Sie fährt nicht mehr dorthin. Als Studentin hatte sie jede Menge Ausreden parat. Sie hatte ihren Job, in den Ferien arbeitete sie sogar Vollzeit bei McDonald’s. Und je länger sie weg war, desto schwieriger wurde die Vorstellung, nach Hause zu fahren. Sie wäre wieder das arme Ding und müsste über Gemma nachdenken. Wie alt Gemma inzwischen wäre, wie sie in einer Schuluniform aussähe, in dem langen Rock mit Schottenmuster, den Stephanie früher auch getragen hatte. Ob sie sich für Klamotten und Jungs interessieren würde, ob sie Stephanie um Rat gefragt hätte. Sie wollte nicht zurückfahren und am Ufer des riesigen, glitzernden Sees stehen und sich fragen, was dort vor so vielen Jahren geschehen war, wollte sich nicht fragen, was passiert wäre, wenn … Wenn, wenn, wenn, wenn, wenn.

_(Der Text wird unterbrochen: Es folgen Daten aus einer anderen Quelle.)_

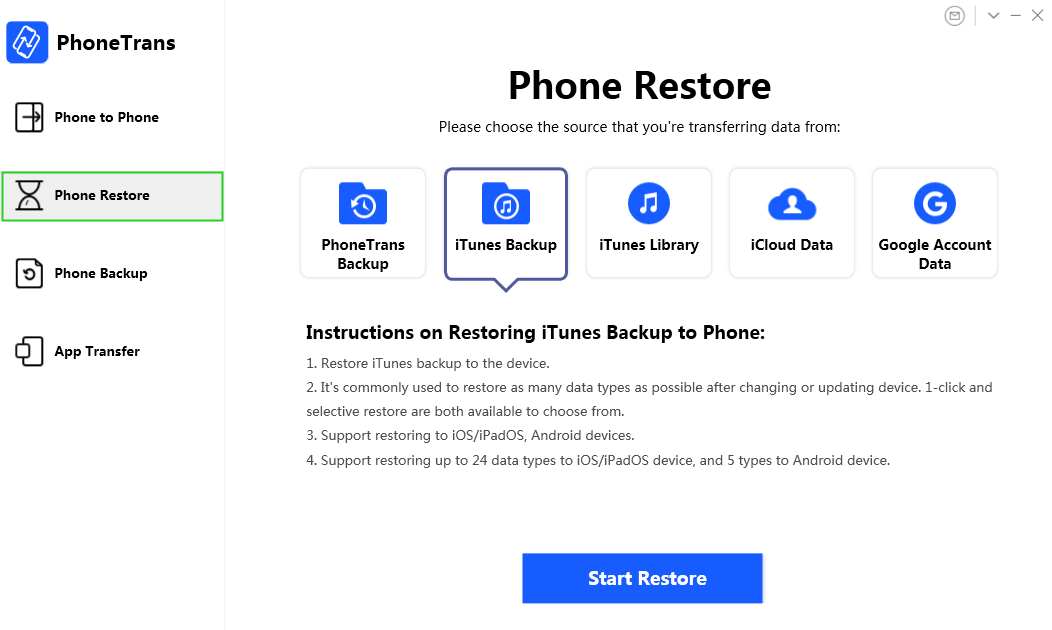Select Phone Restore Option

Den Thymian zu riechen, die Sonne auf ihren Schultern und im Gesicht zu spüren, die zitronig-frische Luft am frühen Morgen, kurz bevor der Herbstfrost kam. Der Schnee, der von den Gipfeln abwärts wandert. Sie liebt es, sie hasst es.
So zu leben wie sie es tut, in einer Zweizimmerwohnung in einem Wohnblock, wäre nicht für jeden das Richtige. Dabei ist es gar nicht so übel, das Wohnzimmer bekommt etwas von der Nachmittagssonne ab, so dass es einigermaßen warm ist, wenn sie nach Hause kommt. Sie besitzt nicht viel, nur das Allernotwendigste: ein Sofa, ein paar Stühle, einen Tisch, ein Bett und eine Kommode. Die Wohnung sieht spartanisch aus, denn Stephanie lebt immer noch das Leben einer Priesteramtsanwärterin. In ihrer Garderobe finden sich einige wenige Kledungsstücke für die Freizeit, das meiste jedoch ist Arbeitskleidung. Zwei schwarze Blazer, drei schwarze Röcke, ein grauer und ein karierter Rock, zwei weiße Blusen. Manchmal muss sie an Minnas vollgestopften Kleiderschrank denken, an die vielen Farben und Muster, an die Keramik, die überall im Haus in den Regalen herumstand. An das gelbe Porzellan mit dem roten Blumenmuster in der Küche, an die vielen Bücher, die Läufer und Kissen und Gemälde und an die aufgehängten Fotos. So etwas will sie nicht, sie erträgt keine Unordnung in ihrem Leben.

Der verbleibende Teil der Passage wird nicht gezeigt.